- _EXERCISE DETAILS_: When you output the entries, begin with the first line and end with the line containing "Pet Care Planner", keeping each line exactly as it is.

########

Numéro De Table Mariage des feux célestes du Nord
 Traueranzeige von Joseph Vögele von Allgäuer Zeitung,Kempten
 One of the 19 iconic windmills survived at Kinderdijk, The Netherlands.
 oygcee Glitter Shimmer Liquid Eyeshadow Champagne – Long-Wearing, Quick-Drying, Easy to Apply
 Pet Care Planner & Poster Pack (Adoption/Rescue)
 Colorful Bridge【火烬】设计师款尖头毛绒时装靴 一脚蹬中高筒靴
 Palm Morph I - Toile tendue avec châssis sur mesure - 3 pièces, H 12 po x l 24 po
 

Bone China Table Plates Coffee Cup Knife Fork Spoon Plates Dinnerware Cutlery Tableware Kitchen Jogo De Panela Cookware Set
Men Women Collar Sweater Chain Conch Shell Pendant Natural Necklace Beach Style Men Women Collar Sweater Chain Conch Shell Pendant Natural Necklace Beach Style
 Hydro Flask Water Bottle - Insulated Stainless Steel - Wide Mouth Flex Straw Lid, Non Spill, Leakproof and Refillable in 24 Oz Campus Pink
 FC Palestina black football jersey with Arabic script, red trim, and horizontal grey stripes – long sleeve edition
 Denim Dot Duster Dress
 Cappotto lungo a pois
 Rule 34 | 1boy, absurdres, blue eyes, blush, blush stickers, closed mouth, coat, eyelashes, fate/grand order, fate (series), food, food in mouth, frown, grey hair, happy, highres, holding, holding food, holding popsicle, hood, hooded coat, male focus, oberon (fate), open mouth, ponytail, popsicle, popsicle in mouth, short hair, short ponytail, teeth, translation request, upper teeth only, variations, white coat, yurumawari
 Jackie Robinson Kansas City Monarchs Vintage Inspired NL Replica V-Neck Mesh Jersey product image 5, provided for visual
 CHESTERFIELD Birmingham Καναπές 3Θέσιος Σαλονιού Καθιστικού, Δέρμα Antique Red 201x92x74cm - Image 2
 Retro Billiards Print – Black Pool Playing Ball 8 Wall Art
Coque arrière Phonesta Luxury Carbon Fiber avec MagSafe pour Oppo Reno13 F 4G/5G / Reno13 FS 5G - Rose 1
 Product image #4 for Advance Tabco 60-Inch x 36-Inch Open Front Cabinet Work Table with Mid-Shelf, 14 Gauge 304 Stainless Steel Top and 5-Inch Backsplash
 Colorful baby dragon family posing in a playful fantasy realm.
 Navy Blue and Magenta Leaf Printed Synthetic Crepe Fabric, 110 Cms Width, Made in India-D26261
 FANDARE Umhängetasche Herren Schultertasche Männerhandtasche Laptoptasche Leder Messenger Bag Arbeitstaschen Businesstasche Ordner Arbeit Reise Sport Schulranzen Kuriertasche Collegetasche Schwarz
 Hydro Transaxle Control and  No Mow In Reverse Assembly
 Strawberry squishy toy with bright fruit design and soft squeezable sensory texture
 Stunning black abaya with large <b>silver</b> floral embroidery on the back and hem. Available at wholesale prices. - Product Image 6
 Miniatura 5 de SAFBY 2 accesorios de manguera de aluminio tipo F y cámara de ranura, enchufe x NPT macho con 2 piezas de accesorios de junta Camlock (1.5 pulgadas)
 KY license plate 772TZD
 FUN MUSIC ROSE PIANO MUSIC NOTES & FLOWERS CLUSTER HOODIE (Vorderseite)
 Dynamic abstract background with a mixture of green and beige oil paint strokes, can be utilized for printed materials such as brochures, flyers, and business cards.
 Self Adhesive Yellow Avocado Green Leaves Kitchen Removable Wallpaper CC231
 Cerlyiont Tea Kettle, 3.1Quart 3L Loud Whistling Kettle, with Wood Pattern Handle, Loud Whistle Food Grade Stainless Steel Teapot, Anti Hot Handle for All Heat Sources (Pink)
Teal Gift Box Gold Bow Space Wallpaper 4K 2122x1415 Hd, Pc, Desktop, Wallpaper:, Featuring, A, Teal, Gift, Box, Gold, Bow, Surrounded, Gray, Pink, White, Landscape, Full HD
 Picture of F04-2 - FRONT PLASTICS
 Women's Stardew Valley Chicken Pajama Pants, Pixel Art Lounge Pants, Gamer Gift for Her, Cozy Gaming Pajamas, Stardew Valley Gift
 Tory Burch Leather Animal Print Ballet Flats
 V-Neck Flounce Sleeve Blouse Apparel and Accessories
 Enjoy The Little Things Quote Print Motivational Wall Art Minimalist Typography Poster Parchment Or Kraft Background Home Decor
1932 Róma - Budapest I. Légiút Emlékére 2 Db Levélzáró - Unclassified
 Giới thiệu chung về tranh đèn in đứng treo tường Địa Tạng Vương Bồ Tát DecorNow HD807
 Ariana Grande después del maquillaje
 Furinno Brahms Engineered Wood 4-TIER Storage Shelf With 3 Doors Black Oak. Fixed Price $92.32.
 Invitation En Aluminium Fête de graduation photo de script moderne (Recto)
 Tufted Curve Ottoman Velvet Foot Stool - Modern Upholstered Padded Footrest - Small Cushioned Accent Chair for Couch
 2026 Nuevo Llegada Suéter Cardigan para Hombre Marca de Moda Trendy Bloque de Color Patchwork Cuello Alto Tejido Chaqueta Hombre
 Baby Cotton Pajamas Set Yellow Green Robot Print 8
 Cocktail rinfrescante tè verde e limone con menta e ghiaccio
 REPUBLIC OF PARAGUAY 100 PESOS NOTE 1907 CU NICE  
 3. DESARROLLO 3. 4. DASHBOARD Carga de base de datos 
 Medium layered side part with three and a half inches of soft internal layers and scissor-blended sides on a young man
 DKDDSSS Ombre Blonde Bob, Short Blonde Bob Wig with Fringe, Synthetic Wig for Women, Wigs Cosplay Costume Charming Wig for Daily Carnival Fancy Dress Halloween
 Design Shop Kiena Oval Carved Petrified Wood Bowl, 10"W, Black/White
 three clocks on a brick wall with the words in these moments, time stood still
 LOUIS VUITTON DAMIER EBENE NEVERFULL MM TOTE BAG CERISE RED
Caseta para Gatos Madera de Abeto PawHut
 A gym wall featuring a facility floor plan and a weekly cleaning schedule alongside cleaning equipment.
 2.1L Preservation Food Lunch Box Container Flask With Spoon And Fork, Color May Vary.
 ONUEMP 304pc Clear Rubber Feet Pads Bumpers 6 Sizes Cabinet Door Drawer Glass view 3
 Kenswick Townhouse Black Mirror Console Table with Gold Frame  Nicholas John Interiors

########

- _SOLUTION_:
Numéro De Table Mariage des feux célestes du Nord
 Traueranzeige von Joseph Vögele von Allgäuer Zeitung,Kempten
 One of the 19 iconic windmills survived at Kinderdijk, The Netherlands.
 oygcee Glitter Shimmer Liquid Eyeshadow Champagne – Long-Wearing, Quick-Drying, Easy to Apply
 Pet Care Planner & Poster Pack (Adoption/Rescue)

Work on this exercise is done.